Oireachtas Joint and Select Committees

Thursday, 17 May 2018

Public Accounts Committee

Implications of CervicalCheck Revelations (Resumed)
2016 Financial Statements of the State Claims Agency (Resumed)
2016 Financial Statements of the HSE (Resumed)

9:00 am

Photo of David CullinaneDavid Cullinane (Waterford, Sinn Fein) | Oireachtas source

I welcome the witnesses. We hear an awful lot about duty of candour in respect of whether women and patients should be given information through full disclosure. There is another issue in respect of duty of candour, namely, people like the witnesses giving information to committees like this one. For a lot of people in this room the witnesses have failed in that duty. Some of the information we did not get and stuff that was not said last week at the meeting of the Committee of Public Accounts shows a clear lack of duty of candour. I will put all my questions very respectfully, but I am very angry at some people in this room. I am sure most of them will have seen the hearing yesterday when we heard from Vicky and Stephen. We heard from Vicky's legal representative as well. He talked about a co-ordinated, premeditated, orchestrated strategy to minimise the volume of women who would be informed of the results of their smear. That is what happened, in my view.

When I heard the two Accounting Officers read their opening statements today, I heard a lot of hollow words from both of them. Mr. Connaghan said that if there is a requirement to hold people to account on the basis of their individual performances, this will be done. There is such a requirement and some of those people are in this room. We will put those questions to them today. There are people in this room who have questions to answer, who have failed those women, and we have a duty to put the questions to them. We will do so robustly and fairly but we do so with anger as well. We are representing those women and also the husbands and partners of women who passed away because of this scandal.

In terms of duty of candour, we also requested information which was delivered to the committee late last night. These were answers to questions that were submitted by Deputies to prepare us for this meeting. An Teachta Kelly, I and others submitted questions. We received the information about an hour before the meeting was due to commence and we had to suspend the meeting for an hour before we could proceed because of that. I want to register my disappointment at that. It is a practice that happened before Mr. Connaghan's time. We have always expressed our frustration and hoped the practice would stop. I respectfully request that in future we get the information as quickly as possible to allow us to do our job.
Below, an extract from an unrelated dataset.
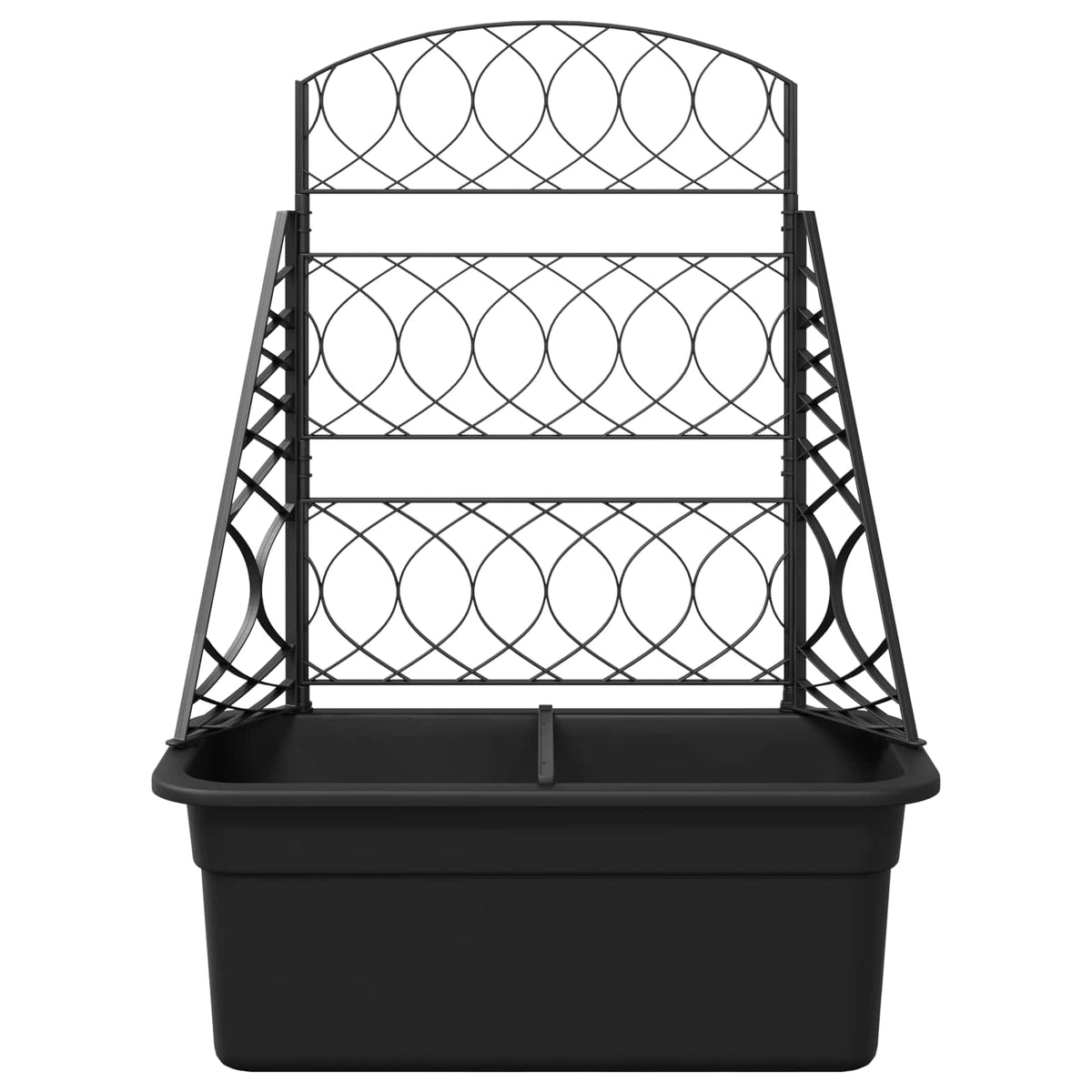 Öntöző trellis Antracitszürke 58 x 29 x 78 cm PP 4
Part of the correspondence we got was a minute of a meeting of the CervicalCheck lead colposcopists group on 1 September 2017. Have the witnesses got that minute in front of them? Mr Connaghan has. This was a meeting of what I imagine is the steering group of the CervicalCheck programme. There were a lot of clinicians there and Dr. Gráinne Flannelly was there too. There was a very lengthy discussion about whether women should know. The minutes state that there was a general consensus that CervicalCheck should let women know prospectively about the process around the time of diagnosis. It talked about a perception that putting the onus on the clinicians to initiate the conversation was not correct and caused a deal of concern and negative feeling towards the programme on the part of clinicians. One of the clinicians who was there was Dr. Kevin Hickey, a consultant to Vicky Phelan. He had previously raised concerns with Dr. Gráinne Flannelly about informing the patients in cases he had dealt with. He had been told he should inform only three of the ten patients. When he asked Dr. Flannelly about this, she said a balance needed to be struck in deciding who needs a formal communication of the outcome of the audit and that the possibility of resultant harm was crucial. This is what angers and frustrates me. The response from Dr. Flannelly and the decision that was made at this meeting were astounding.

Dr. Flannelly spoke about producing an information leaflet. That was the response. An information leaflet was to be the big solution. When it got to decision time at that meeting, it was decided "to work up the leaflet(s) and changes to the process and discuss at a follow up meeting". Was the leaflet ever produced and can the committee have a copy of it? What changes were made to the process and why do we not have the information? What follow-up meetings were held and can the committee have the minutes for them?